Image: Motion Performance: Tales of a Muscle Car Builder by Martyn L. Schorr
Chevrolet’s most notable people in history have come from all walks of life, but some are not nearly as well known by their names as they are by what they brought to Chevrolet. For Joel Rosen, owner and founder of the famed Motion Performance, that much is true, but it doesn’t lessen his influence on Chevrolet history. In fact, being known as Mr. Motion more so than Joel Rosen, makes him more of a super power of the musclecar era than just a simple influence.
Most know the story of Baldwin-Motion and the amazing performance cars the joint venture between Motion Performance and Baldwin Chevrolet produced back in the ’60s and ’70s. Without Joel Rosen – the man behind Motion Performance – a big chunk of Chevrolet history and a whole fleet of highly-collectible musclecars wouldn’t exist today. But Rosen didn’t always dabble in creating monstrous performance Chevys. In fact, he started out in the automotive industry, tuning and repairing cars better known as being grocery-getters than fast-paced sports cars.
In the late 1950s, what would become Motion Performance started out as a Sunco service station.

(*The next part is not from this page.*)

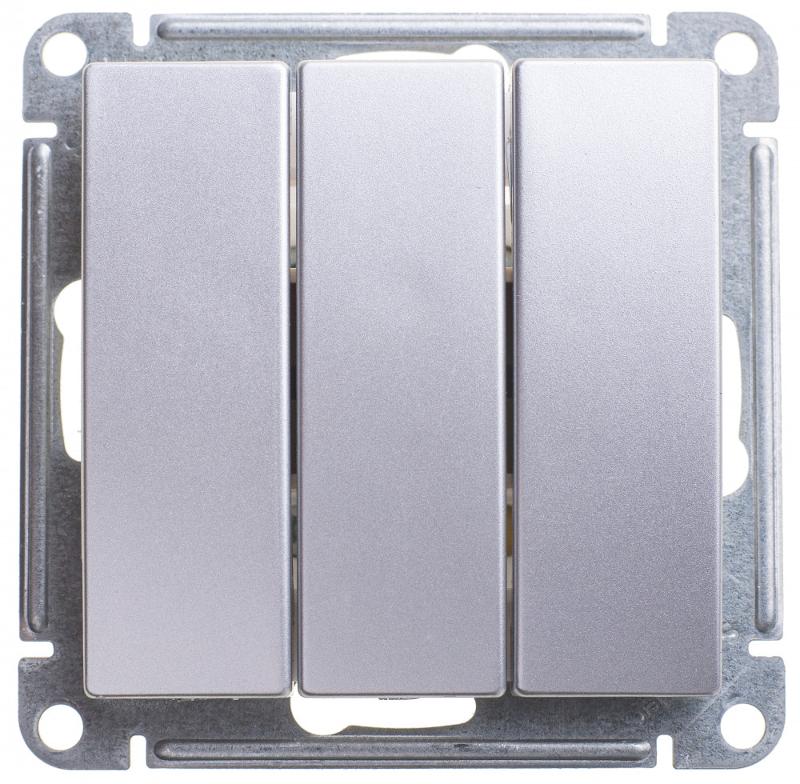W59 Матовый хром Выключатель 3-клавишный, 10АХ | VS0510-351-5-86 | SE — Systeme Electric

Later named the Neclan Service Station under Rosen’s (then a junior partner) charge, the Brooklyn, New York, shop focused more on servicing average rides than performance machines. But in 1963, after having jumped in the performance-tuning world with “up and coming” performance cars, including his beloved Corvette, Rosen not only changed the name of the service station to Motion Performance, he also changed the direction his career was headed.
Joel Rosen (left) and Clem Hoppe pose with Hoppe’s car “King Cobra”.
The name Motion Performance was derived from the Motion El’, a high-performance ignition system Rosen had installed in his, and other performance Corvettes. Adding a chassis dyno to the shop only added fuel to the high-performance fire, and Rosen quickly became known for his performance tuning skills. Corvettes were certainly a love of Rosen’s, so much so, that he owned a couple by 1963, including a 1958 fuelie he rolled and destroyed while racing when on his honeymoon. What you might not realize, is that he first made a name for himself and Motion Performance in the NHRA and NASCAR series’ behind the wheel of Ford’s Cobra.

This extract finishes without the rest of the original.